[Records from a data source]
****

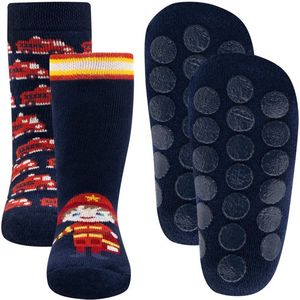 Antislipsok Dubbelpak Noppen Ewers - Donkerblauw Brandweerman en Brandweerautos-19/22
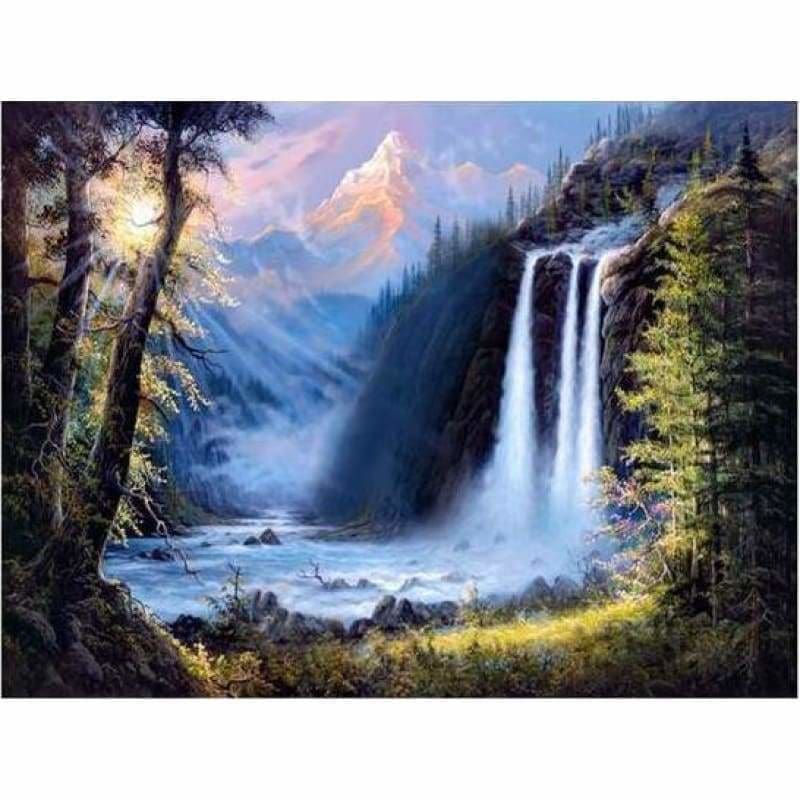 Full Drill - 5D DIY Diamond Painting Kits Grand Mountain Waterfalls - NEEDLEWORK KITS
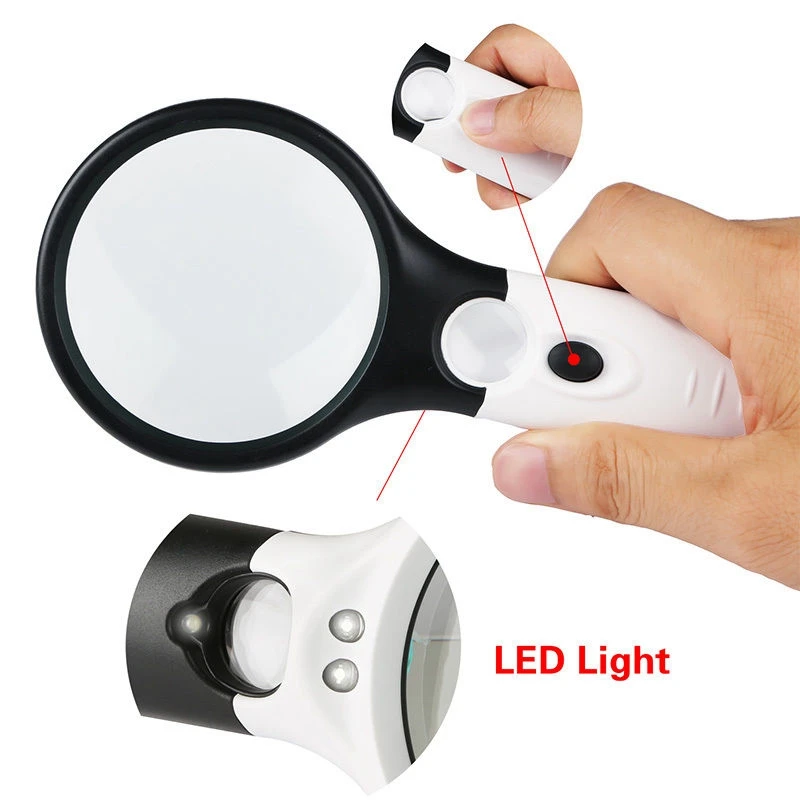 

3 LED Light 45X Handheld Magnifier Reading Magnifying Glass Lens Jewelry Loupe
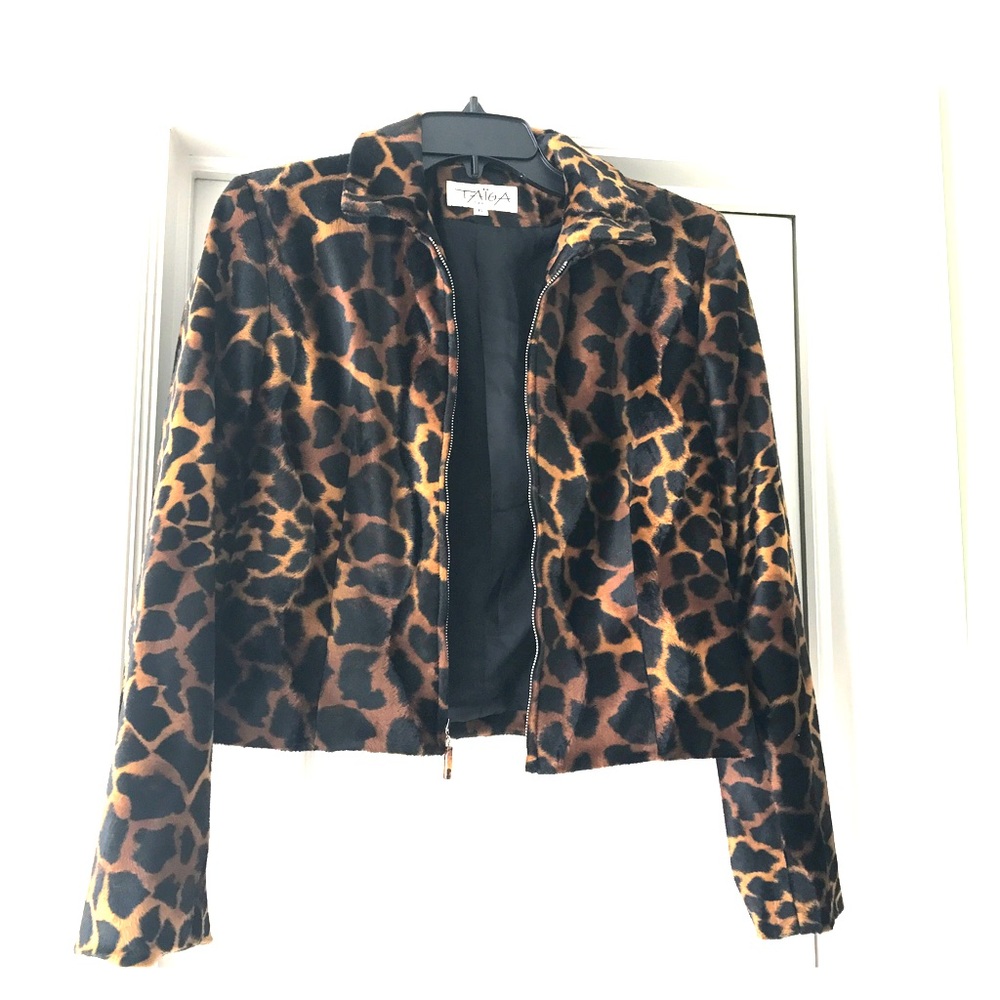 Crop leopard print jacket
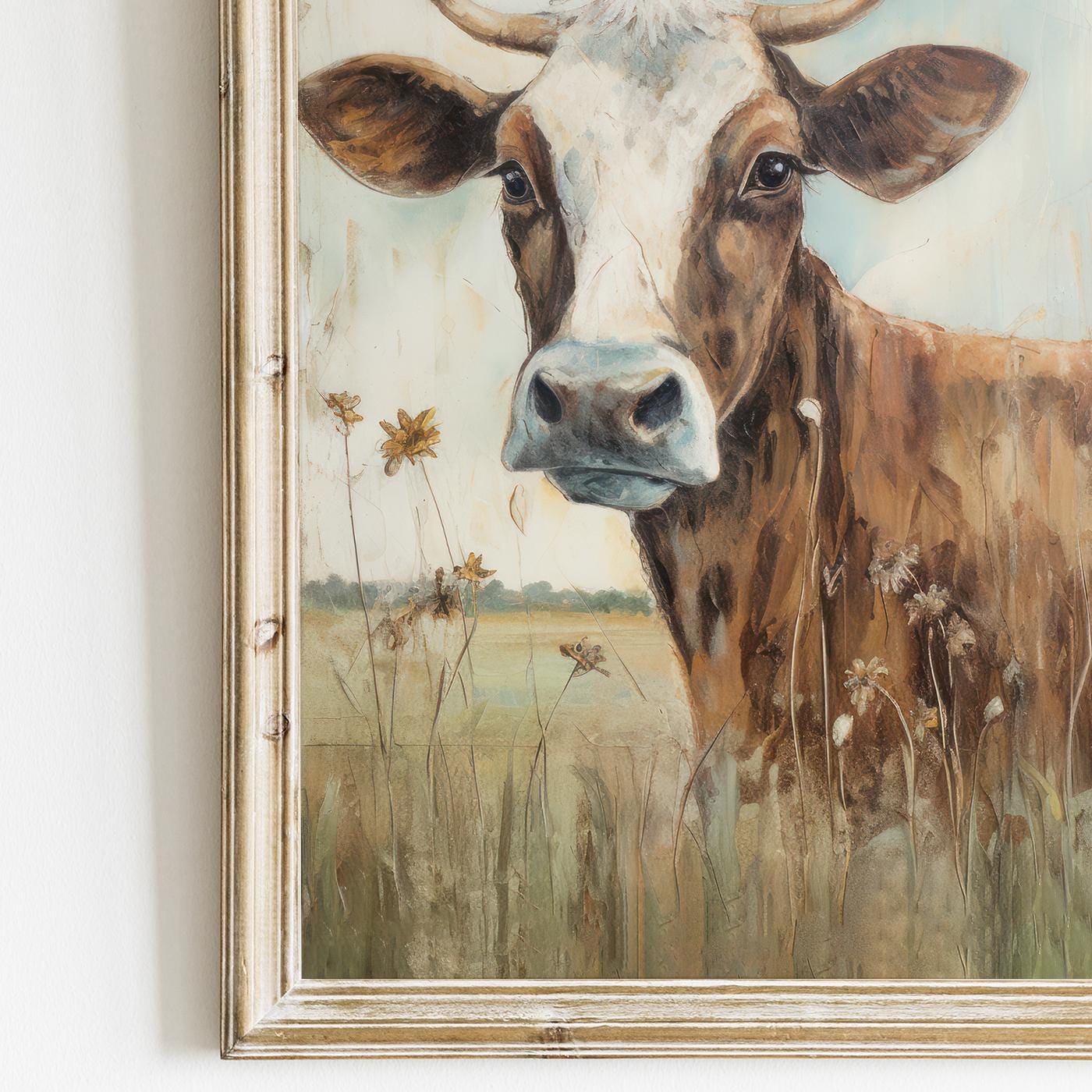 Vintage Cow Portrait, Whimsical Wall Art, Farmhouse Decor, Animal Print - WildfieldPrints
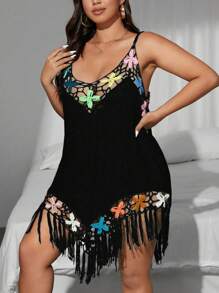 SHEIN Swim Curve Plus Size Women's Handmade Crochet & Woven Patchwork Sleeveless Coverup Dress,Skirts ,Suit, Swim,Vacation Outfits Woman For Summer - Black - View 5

****

Problem details
Copy the lines exactly. Start at the line with "Vintage Cow Portrait, Whimsical", end at the last line above, include both, and omit all pictures.

Response
 Vintage Cow Portrait, Whimsical Wall Art, Farmhouse Decor, Animal Print - WildfieldPrints
 SHEIN Swim Curve Plus Size Women's Handmade Crochet & Woven Patchwork Sleeveless Coverup Dress,Skirts ,Suit, Swim,Vacation Outfits Woman For Summer - Black - View 5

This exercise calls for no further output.